Pair Corralation between California Bond and Jpmorgan Smartretirement
Assuming the 90 days horizon California Bond is expected to generate 2.01 times less return on investment than Jpmorgan Smartretirement. But when comparing it to its historical volatility, California Bond Fund is 1.77 times less risky than Jpmorgan Smartretirement. It trades about 0.07 of its potential returns per unit of risk. Jpmorgan Smartretirement Income is currently generating about 0.08 of returns per unit of risk over similar time horizon. If you would invest 1,373 in Jpmorgan Smartretirement Income on September 4, 2024 and sell it today you would earn a total of 251.00 from holding Jpmorgan Smartretirement Income or generate 18.28% return on investment over 90 days.

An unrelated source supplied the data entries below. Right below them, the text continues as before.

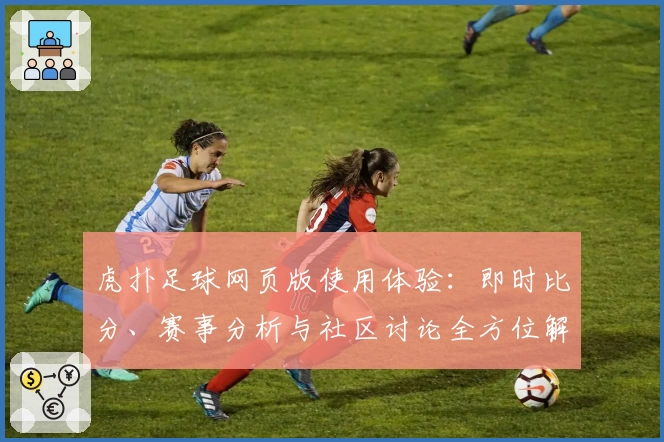 虎扑足球网页版使用体验：即时比分、赛事分析与社区讨论全方位解析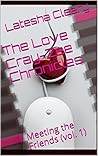 The Love Cray-Zee Chronicles: Meeting the Friends (vol. 1)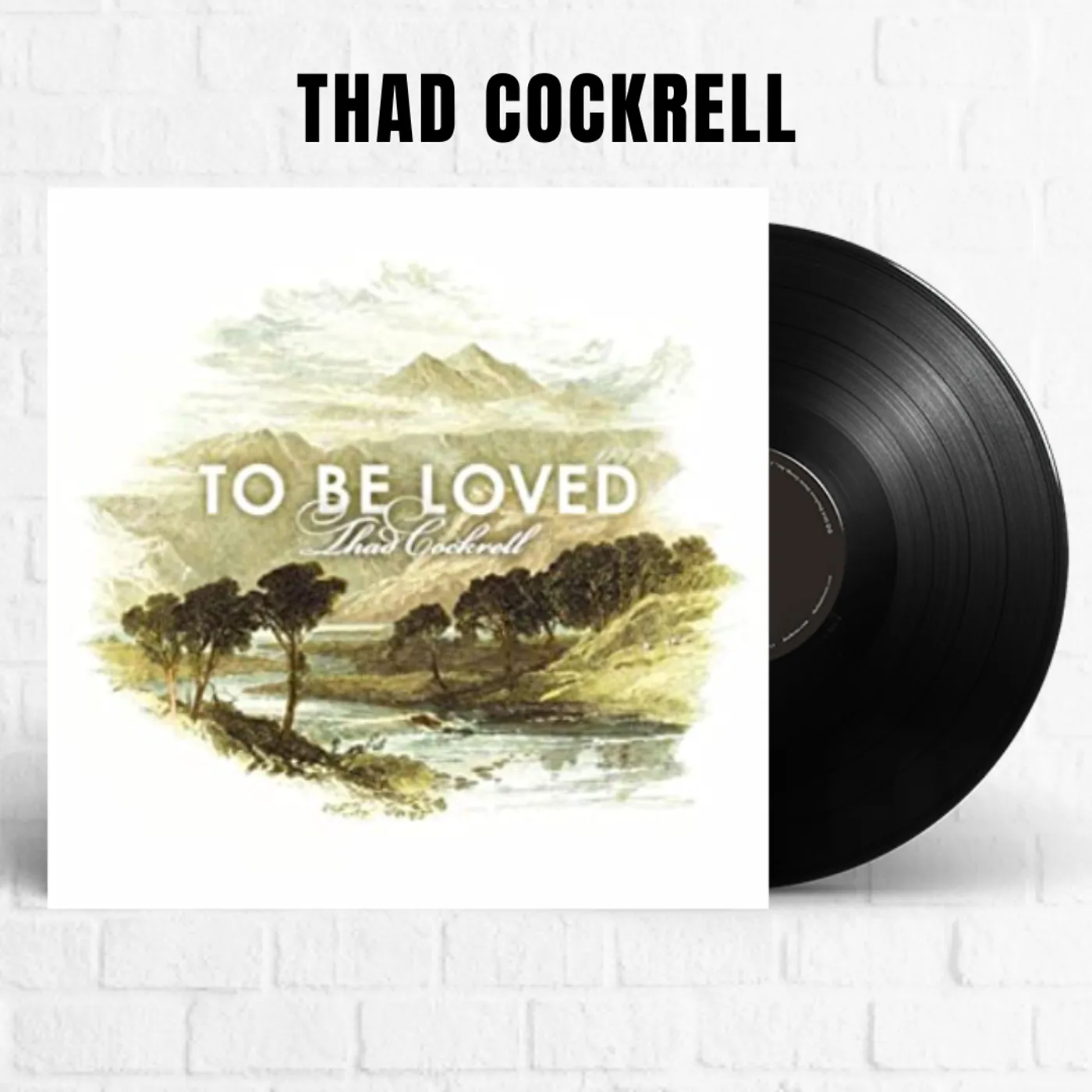 Thad Cockrell To Be Loved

Time Period | 3 Months [change] |
Direction | Moves Together |
Strength | Weak |
Accuracy | 100.0% |
Values | Daily Returns |
California Bond Fund vs. Jpmorgan Smartretirement Incom
Performance |
Timeline |
California Bond |
Jpmorgan Smartretirement |
California Bond and Jpmorgan Smartretirement Volatility Contrast
Predicted Return Density |
Returns |
Pair Trading with California Bond and Jpmorgan Smartretirement
The main advantage of trading using opposite California Bond and Jpmorgan Smartretirement positions is that it hedges away some unsystematic risk. Because of two separate transactions, even if California Bond position performs unexpectedly, Jpmorgan Smartretirement can make up some of the losses. Pair trading also minimizes risk from directional movements in the market. For example, if an entire industry or sector drops because of unexpected headlines, the short position in Jpmorgan Smartretirement will offset losses from the drop in Jpmorgan Smartretirement's long position.California Bond vs. Goldman Sachs Growth | California Bond vs. Smallcap Growth Fund | California Bond vs. L Abbett Growth | California Bond vs. Small Pany Growth |
Check out your portfolio center.Note that this page's information should be used as a complementary analysis to find the right mix of equity instruments to add to your existing portfolios or create a brand new portfolio. You can also try the Equity Valuation module to check real value of public entities based on technical and fundamental data.